Kavanaugh refutou essa alegação, afirmando que a legislação nunca permitiu que médicos contestassem decisões governamentais sobre segurança pública apenas pela possibilidade de apliquem a carecer de cuidados médicos subsequentes.
Desafio Estadual
A nova decisão abre uma lacuna para que opositores da mifepristona possam se aventurar em novos processos. Após a aceitação do caso pela Suprema Corte, o juiz distrital dos EUA, Matthew Kacsmaryk, sugeriu que estados liderados pelo Missouri poderiam tentar intervir judicialmente para reforçar esse desafio, alegando que possuem legitimidade para processar, mesmo que médicos não o façam.

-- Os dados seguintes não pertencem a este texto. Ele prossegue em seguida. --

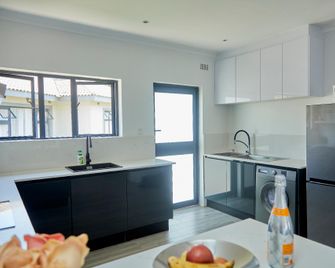 Messe Luxe Apartments - Harare - Kjøkken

Fatima Goss Graves, presidente e CEO do National Women’s Law Center, declarou que o caso ilustra o resultado de uma estratégia deliberada de grupos extremistas em nomear juízes que cumpram suas ordens.
“Estamos cientes de que isso pode ser apenas um adiamento temporário, enquanto outros opositores ao aborto aguardam uma nova oportunidade para atacar a mifepristona”, afirmou ela. “Continuaremos lutando para que nós, e não tribunais ou extremistas antiaborto, possamos decidir sobre nossos corpos, vidas e futuros.”
Frank Pavone, diretor nacional do Priests for Life, criticou a decisão por não responder ao que ele chamou de pressão indevida da “indústria do aborto” sobre a FDA.
“É inaceitável que a outra parte acredite que ninguém pode contestar as ações da FDA nesse contexto”, disse Pavone. “Eles certamente podem e o farão.”
O Tribunal de Apelações do 5º Circuito, conhecido por sua orientação conservadora, argumentou que a FDA desconsiderou preocupações de segurança ao implementar suas alterações.
Kacsmaryk foi ainda mais longe ao suspender a aprovação da FDA de 2000 e proibir o medicamento totalmente. O 5º Circuito considerou o questionamento à aprovação inicial como tardio.
No ano passado, a Suprema Corte emitiu uma ordem de emergência que garantiria que a mifepristona continuasse disponível até que o caso fosse finalizado.
O caso contrapunha o governo Biden à Alliance Defending Freedom, um grupo jurídico cristão que desempenhou um papel crucial em esforços anteriores para desmantelar Roe. O fabricante da mifepristona, Danco Laboratories, defendeu o uso do medicamento durante a disputa legal.
A Danco afirmou em um comunicado: “Ao rejeitar essa interpretação radical e insustentável do Quinto Circuito sobre legitimidade para processar, os juízes reafirmaram princípios fundamentais do direito administrativo. Essa decisão também sustentou a estabilidade no processo de aprovação de medicamentos, que é baseado na experiência da FDA e no qual confiam pacientes, profissionais de saúde e a indústria farmacêutica nos EUA.”
A mifepristona é utilizada em um regime de duas pílulas para interrupção da gravidez e tratamento de abortos espontâneos, sendo a segunda pílula, o misoprostol, que também pode ser administrada isoladamente para este propósito.